Like a couple who have nurtured their children through the difficult teenage years and finally seen the last one fly the coop, Nokia has found a new lease of life through ventures new. The announcement that is has acquired French smart health and Internet of Things hardware maker Withings is the latest move to come from the disparate remains of the erstwhile world-conquering phone business.
The €170m (£131m, $192m) all-cash deal is expected to close early in the third quarter of this year.
Nokia's new beginnings
After being ignominiously stripped of what was once the world's largest phone business (and what a poisoned chalice that turned out to be for buyers Microsoft, forced to take a $7.6bn write down of the deal) in 2014, Nokia is adventurously splashing its cash into pastures of exciting emerging technologies. The acquisition of 200-strong Paris-based Withings, for what looks like a bargain price, will reassure investors and shows Nokia's twin-track path forward.
Alongside its traditional, if somewhat staid, networking business, Nokia has its own department of fun, Nokia Technologies — its advanced technology and licensing business. It was this division behind today's announcement. It was also the division behind the innovative 360-degree Ozo virtual reality camera to which Disney has just signed up. Given that Disney owns the likes of Marvel and Lucasfilm, that means the Ozo could end up making VR movies for Star Wars, Toy Story and The Avengers.
Now, Nokia has bought into a wellness start-up and it should come as no great surprise. Ramzi Haidamus, president of Nokia Technologies, has been flashing a lot of ankle recently.

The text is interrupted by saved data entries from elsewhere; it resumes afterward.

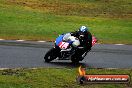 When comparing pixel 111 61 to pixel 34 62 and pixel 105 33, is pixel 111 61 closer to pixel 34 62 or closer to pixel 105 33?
pixel 34 62

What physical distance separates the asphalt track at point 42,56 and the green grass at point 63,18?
2640mm

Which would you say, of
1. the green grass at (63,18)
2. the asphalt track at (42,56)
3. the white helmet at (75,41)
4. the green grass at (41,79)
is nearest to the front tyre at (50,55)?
the asphalt track at (42,56)

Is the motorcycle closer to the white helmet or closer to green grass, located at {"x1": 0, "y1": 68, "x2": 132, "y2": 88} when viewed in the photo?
the white helmet

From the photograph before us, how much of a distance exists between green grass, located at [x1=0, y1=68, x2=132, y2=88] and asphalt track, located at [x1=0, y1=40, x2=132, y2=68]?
1.44 metres

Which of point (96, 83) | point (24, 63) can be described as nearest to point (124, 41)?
point (24, 63)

Last year, Nokia announced a €100m fund focused on French start-ups working in the Internet of Things area, and just last month Haidamus told Fortune magazine: "We're also looking at another area where we have not launched any products – digital health. Digital health is something that comes very natural to Nokia. It's a brand that's known for a solid, reliable brand."
So what has €170m bought Nokia?
Founded in 2008, Withings was among the first to wire up wellness devices to the Internet. Its range of connected devices includes smartwatches, blood-pressure monitors, Wi-Fi scales, thermometers, fitness trackers, baby monitors and the Aura sensor that tracks your sleep.
"We have said consistently that digital health was an area of strategic interest to Nokia, and we are now taking concrete action to tap the opportunity in this large and important market," said Nokia Chief Executive Officer Rajeev Suri in a statement.
Estimates value the global healthcare market at some $6.5tn. That market is only going to get bigger, especially in Nokia's backyard of Europe with its ageing population. Spending on healthcare within the EU will consume 14% of GDP in 2030, up from 8% in 2000, according to the World Bank.
But Nokia is guilty of a little sleight of hand, conflating health and wellness. The health tech market is divided in two: regulated medical devices used by medical professionals and unregulated wellness devices used by consumers.
The biggest slice of the pie is in medical devices, but dealing with America's notoriously Byzantine Food and Drug Administration can mean years of trials and mountains of paperwork to gain approval, making it an unattractive market for entrepreneurs and investors with narrow horizons. What doctor is going to use data from an unapproved medical device to make clinical judgements? That way malpractice suits lie.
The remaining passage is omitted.